I do appreciate the three-faction design and wish that more games would adopt it instead of the standard two. As of writing this, each faction appears to be decently balanced, or at least putting up a fight, on each of the different channels. Multiple factions usually helps balance PvP instead of allowing one side to dominate a single server.
An Awkward Design
Typically, MOBAs and MMOs are not something that go well together. In its essence, a MOBA is meant for instanced arena combat and not a persistent world. Instead of getting the feeling of fierce competition from a MOBA, or meaningful progression from an MMORPG, what Crush Online delivers is a watered-down action RPG experience.
Basically, most MOBAs already rely on standard ARPG combat mechanics. They’re click to move, or WASD, and usually allow the player to have access to a set number of skills, but as players level up they gain access to a plethora of choices.

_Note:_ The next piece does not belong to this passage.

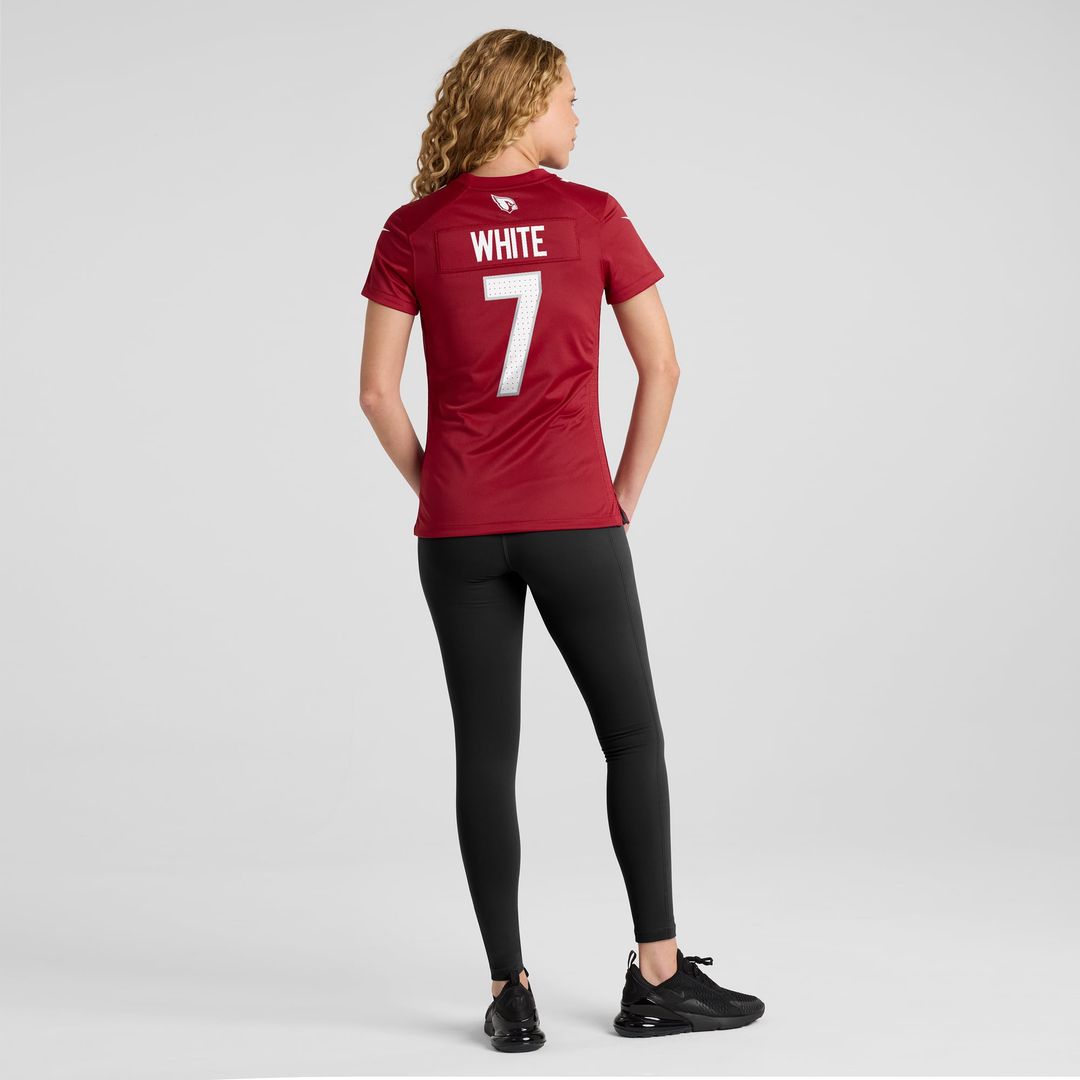 Kyzir White Arizona Cardinals Women's Team Jersey - Cardinal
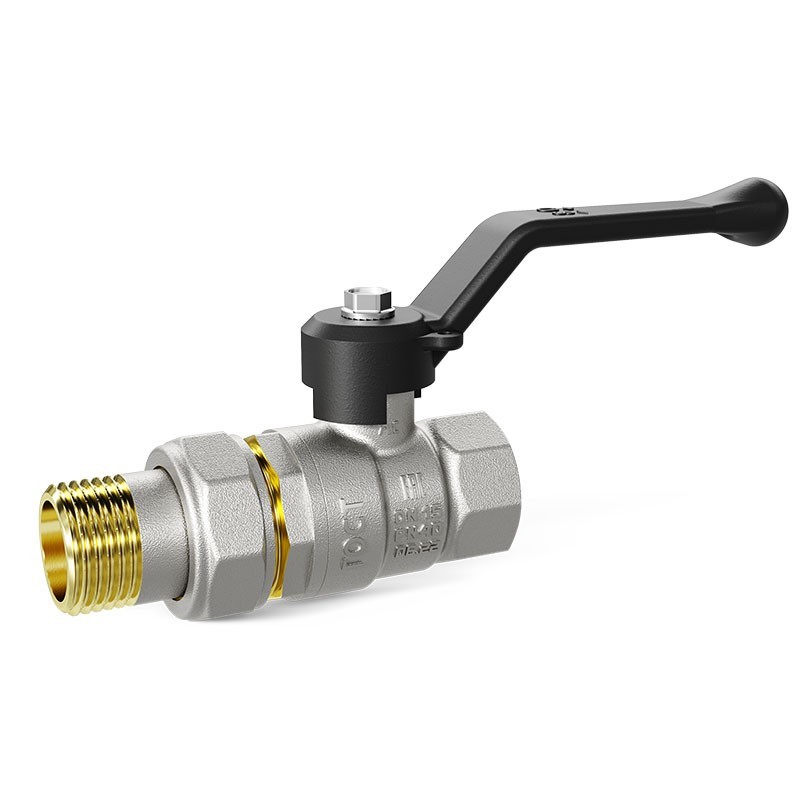 Кран шаровый LD Pride НВ 11/4" с разъемным соединением, полный проход, ручка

Not in Crush Online. Instead, the game decided to borrow a bit too much from the MOBA side. Instead of earning skills as you level up, they’re locked to each weapon. Players can equip two weapons at once, so this means eight skills total but there’s no progression or choice. Currently, there are only a handful of weapons available for each class and the skills can’t be mixed and matched. It also appears that weapons can only be crafted, as I didn’t obtain any while questing and there are none on the auction house.
Too Much MOBA
I really like MOBAs; it’s one of my favorite genres, but Crush Online has put too much of them into its MMO. From the aesthetic design to the map-based PvP, it feels way too much like a persistent version of League of Legends without the interesting character designs or balanced gameplay.
Instead of having any sort of meaningful progression system, Crush Online has resorted to copying the League of Legends mastery design. This means that as you level up, you unlock amazing perks like +3 damage or +2% critical damage.
Perks like this work in MOBAs because you’re only trying to tweak your gameplay in one direction or another, and all players start out on an even playing field during each match. However, in an MMO such small stats don’t make a difference when higher level, or better geared, players are easily killing you.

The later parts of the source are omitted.